» Assigned task
Give a faithful, exact copy of all entries, minus the images.

[Crawled caption data]
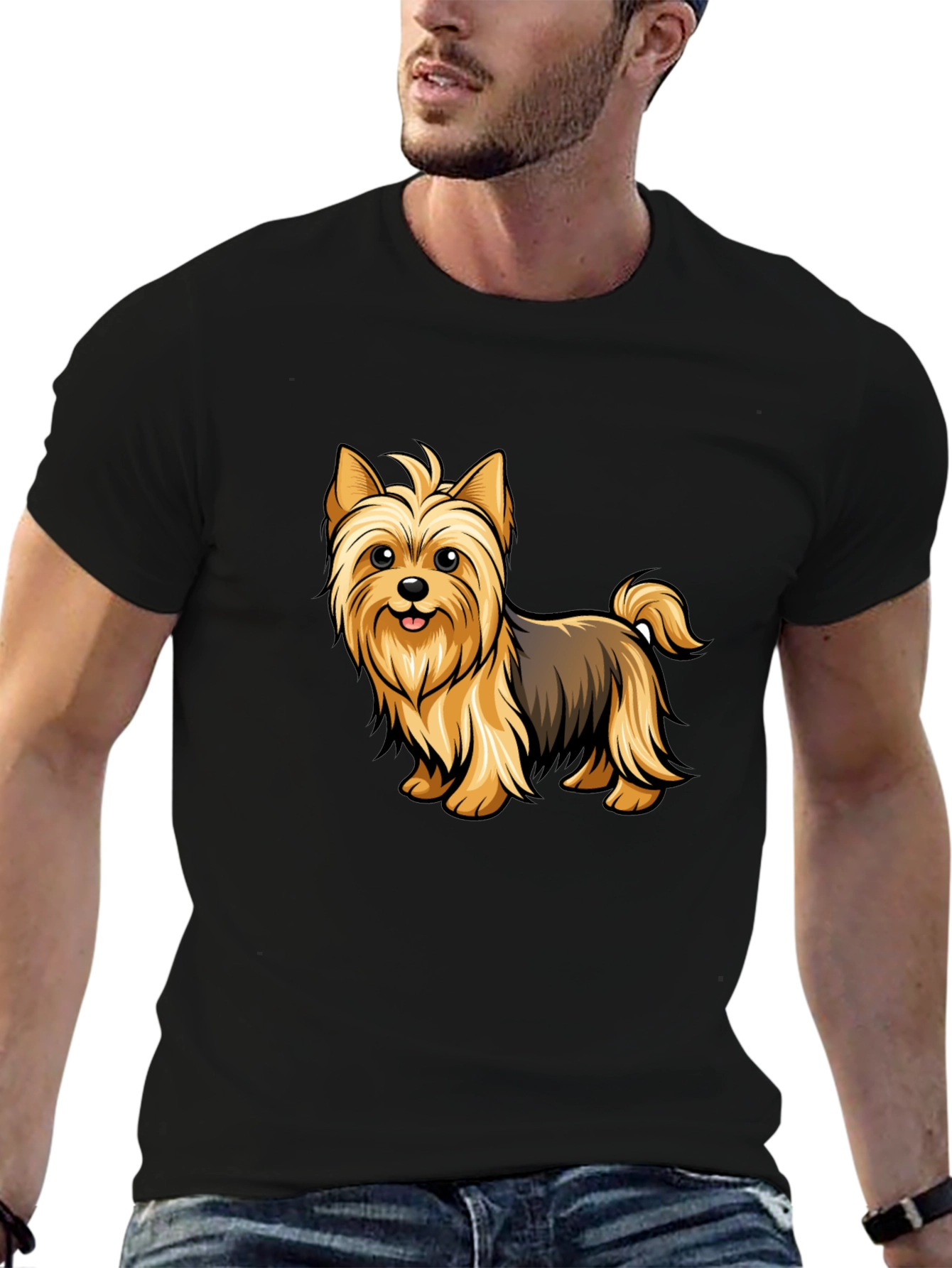 Yorkie Dog Graphic T-Shirt - Black Cotton Tee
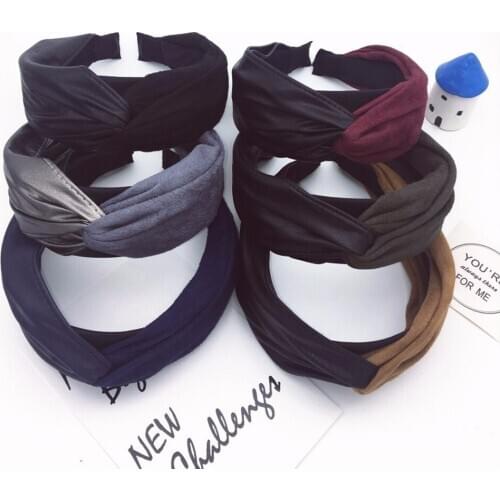 Fashion Fabric Buckskin Velvet Headband for Girl Casual Wide-brimmed Hairband Cross Hit Color Hair Accessories for Women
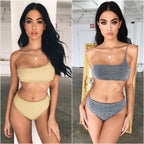 2019 Women's One-Shoulder Metallic Bikini Swimsuit 9182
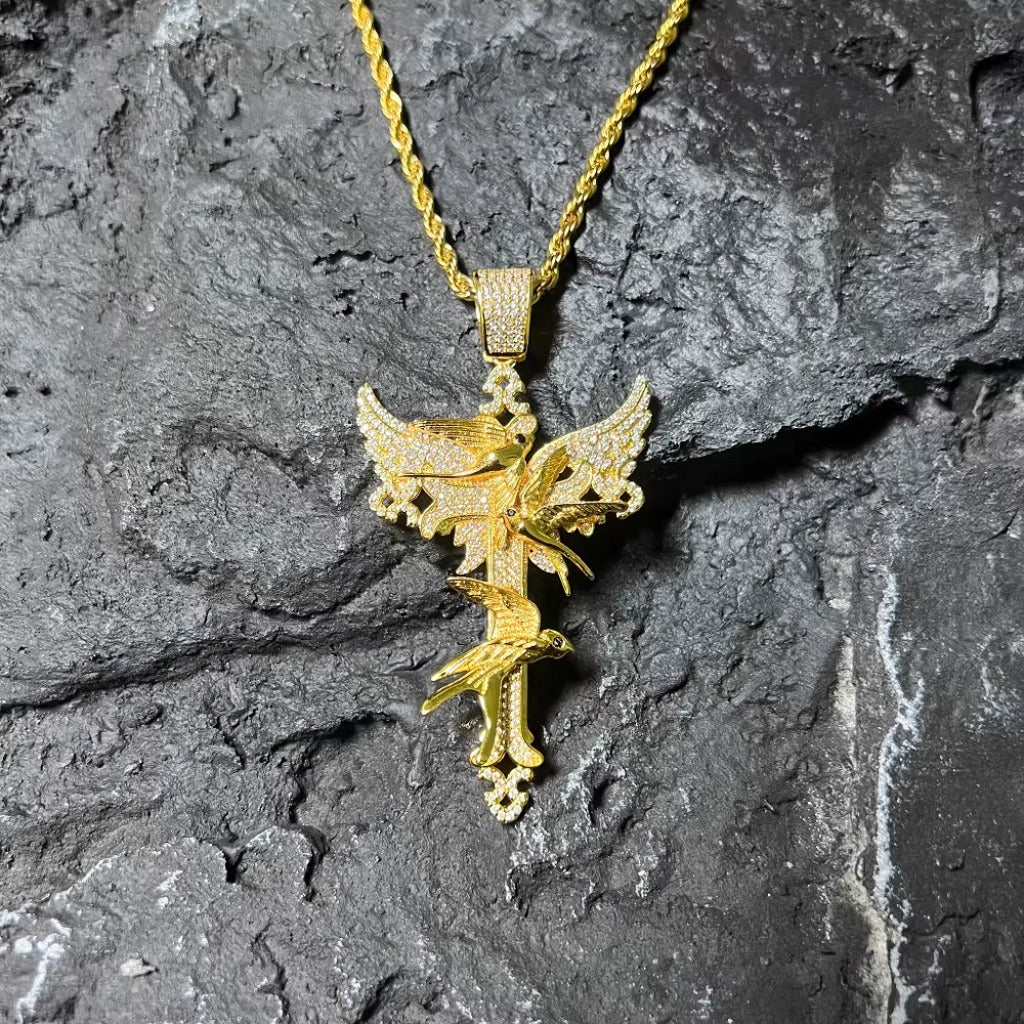 Full Diamond Peace Dove Cross Pendant Necklace – Symbol of Faith and Harmony | Zen Ara Grove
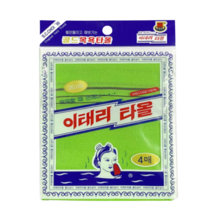 국내산 이태리 타올 4매 / 골드상사 목욕타올/이태리타올 / 목욕타올/국내생산, 그린, 1개, 4개입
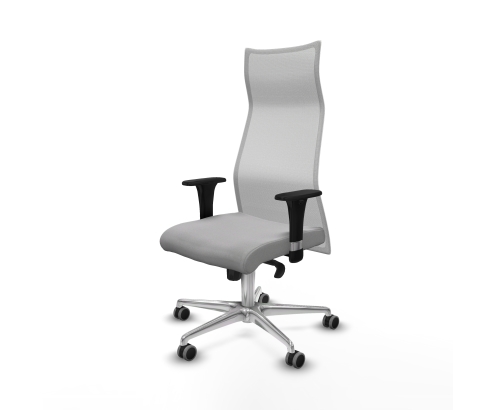 Piqueras y Crespo Albacete malla sincro malla blanca bali gris claro brazos 1D base aluminio ruedas 65mm engomadas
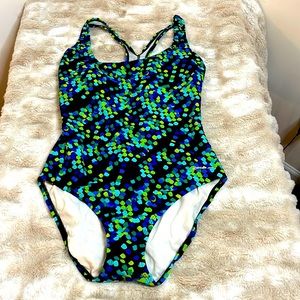 Speedo geometric design bathing suit, size 12.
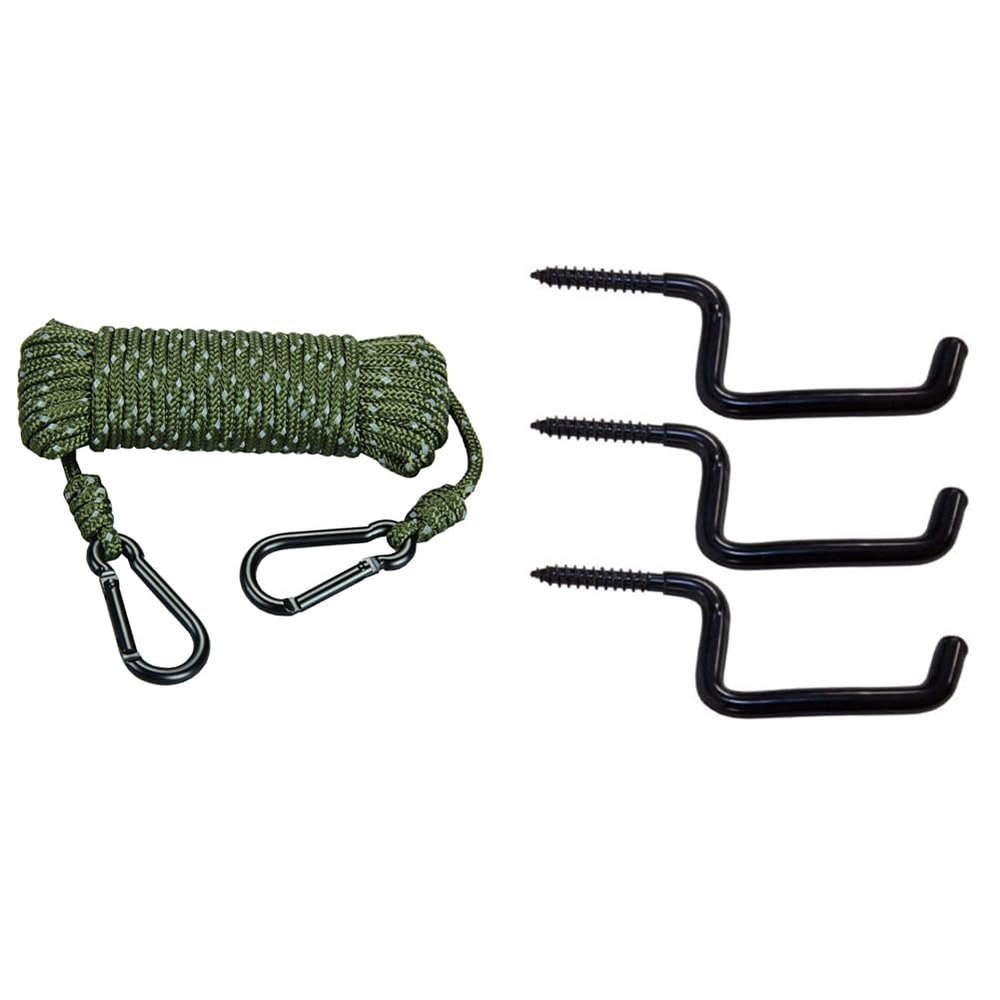 Hunters Specialties Reflective Treestand Rope 30ft Heavy Duty & Muddy Big Game Treestands Screw-in Accessory Hook (3-Pack), One Size, Black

» Solved exercise
 Yorkie Dog Graphic T-Shirt - Black Cotton Tee
 Fashion Fabric Buckskin Velvet Headband for Girl Casual Wide-brimmed Hairband Cross Hit Color Hair Accessories for Women
 2019 Women's One-Shoulder Metallic Bikini Swimsuit 9182
 Full Diamond Peace Dove Cross Pendant Necklace – Symbol of Faith and Harmony | Zen Ara Grove
 국내산 이태리 타올 4매 / 골드상사 목욕타올/이태리타올 / 목욕타올/국내생산, 그린, 1개, 4개입
 Piqueras y Crespo Albacete malla sincro malla blanca bali gris claro brazos 1D base aluminio ruedas 65mm engomadas
 Speedo geometric design bathing suit, size 12.
 Hunters Specialties Reflective Treestand Rope 30ft Heavy Duty & Muddy Big Game Treestands Screw-in Accessory Hook (3-Pack), One Size, Black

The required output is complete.